Alexander Felfernig is a full professor at the Graz University of Technology (Austria) since March 2009 and received his PhD in Computer Science from the University of Klagenfurt. He directs the Applied Software Engineering (ASE) research group. His research interests include configuration systems, recommender systems, model-based diagnosis, software requirements engineering, different aspects of human decision making, and knowledge acquisition methods. Alexander Felfernig has published numerous papers in renowned international conferences and journals (e.g., IJCAI, ECAI, ACM Recommender Systems, ACM Intelligence User Interfaces, AI Magazine, Artificial Intelligence, IEEE Transactions on Engineering Management, IEEE Intelligent Systems, Journal of Electronic Commerce) and is a co-author of the books on “Recommender Systems” published by Cambridge University Press and ”Knowledge-based Configuration – From Research to Business Cases” published by Elsevier/Morgan Kaufmann. He also acted as an organizer of international conferences and workshops such as the ACM Conference on Recommender Systems, the International Symposium on Methodologies for Intelligent Systems, and the International Workshop on Configuraiton. Currently, he is a member of the Editorial Board of Applied Intelligence and the Journal of Intelligent Information Systems.
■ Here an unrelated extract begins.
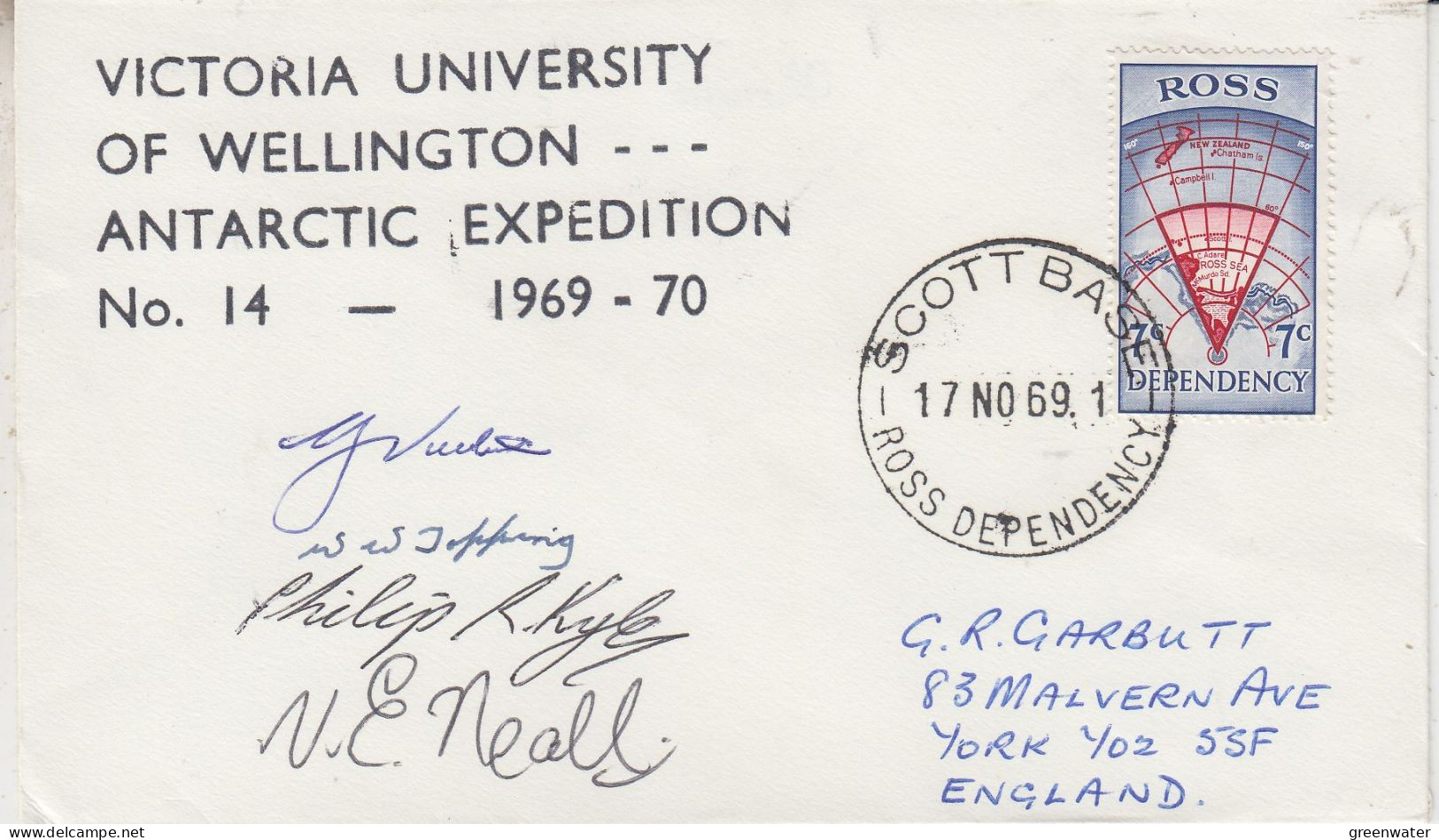 Ross Dependency 1969 University Of Wellington 4 Signatures Ca Scott Base 17 NOV 1969 (SO226) - Briefe U. Dokumente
Recommendation Technologies for Configurable Products
- Approaches to Group-based Configuration: An assumption of existing configuration environments is that there is no need for additional configuration support in scenarios where groups of users are jointly configuring their preferred product or service. A major consequence of this assumption is that single users are forced to encode the preferences of a group which is often done in a suboptimal fashion. We will show how technologies from group decision making and recommender systems can be exploited to support groups of users when configuring products and services. In this context we will focus on different types of group decision heurstics and show how these heuristics can be applied to recommend configurations to groups.
- Reducing the Knowledge Acquisition Bottleneck: The formalization of product domain knowledge is still a costly process. It is important to understand in which way formalized knowledge is easy to understand for engineers but also in which way configuration knowledge should be represented on an informal level such that it can easily be transferred into a corresponding formal representation. We present results of empirical studies that show the impact of the chosen knowledge representation on the ease of corresponding knowledge base development and maintenance processes. In this context we also show how advanced testing and debugging methods can help to improve the efficiency of knowledge base development and maintenance.